START DATASET EXCERPTS

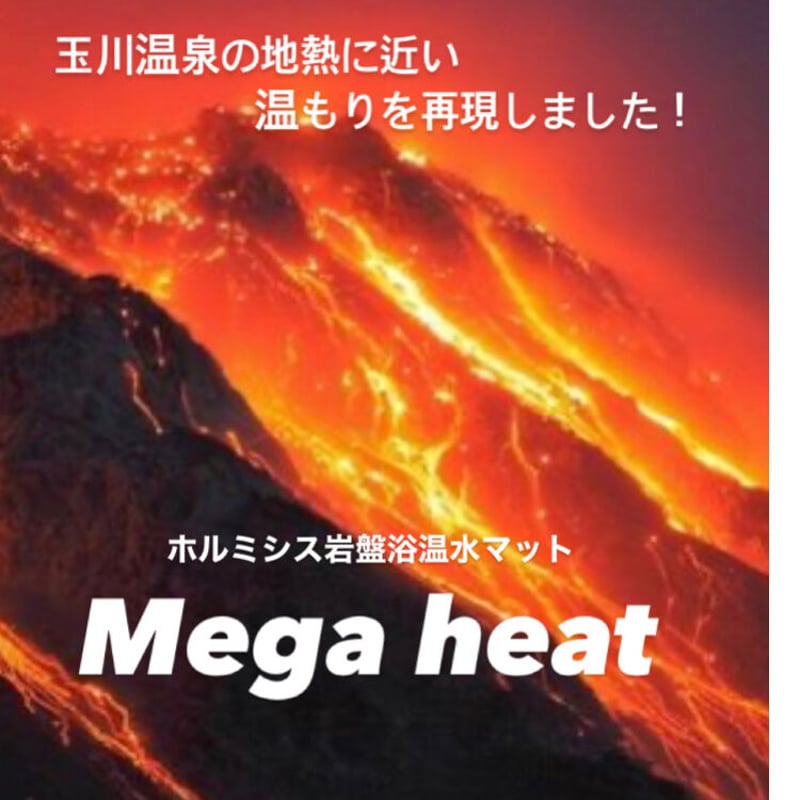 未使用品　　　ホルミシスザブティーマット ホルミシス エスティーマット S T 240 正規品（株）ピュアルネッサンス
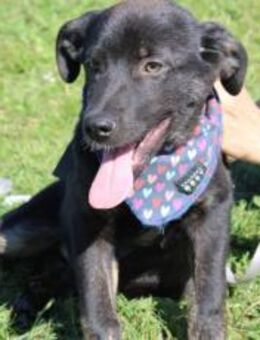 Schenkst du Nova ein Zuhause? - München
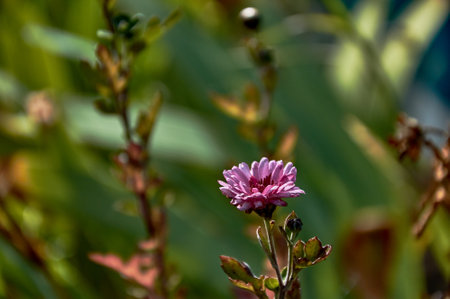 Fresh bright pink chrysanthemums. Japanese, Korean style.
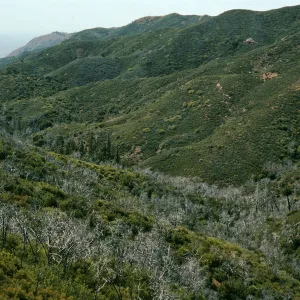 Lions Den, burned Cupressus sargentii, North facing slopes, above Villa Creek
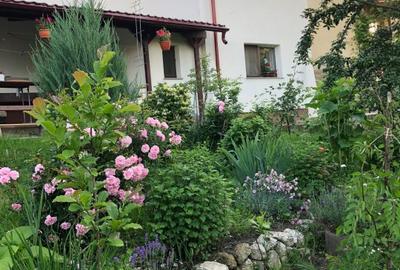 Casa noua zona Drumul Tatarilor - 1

END DATASET EXCERPTS

- _YOUR GOAL_
Pictures in the records are to be left out; repeat everything else exactly.

- _RESPONSE TO THIS TASK_
 未使用品　　　ホルミシスザブティーマット ホルミシス エスティーマット S T 240 正規品（株）ピュアルネッサンス
 Schenkst du Nova ein Zuhause? - München
 Fresh bright pink chrysanthemums. Japanese, Korean style.
 Lions Den, burned Cupressus sargentii, North facing slopes, above Villa Creek
 Casa noua zona Drumul Tatarilor - 1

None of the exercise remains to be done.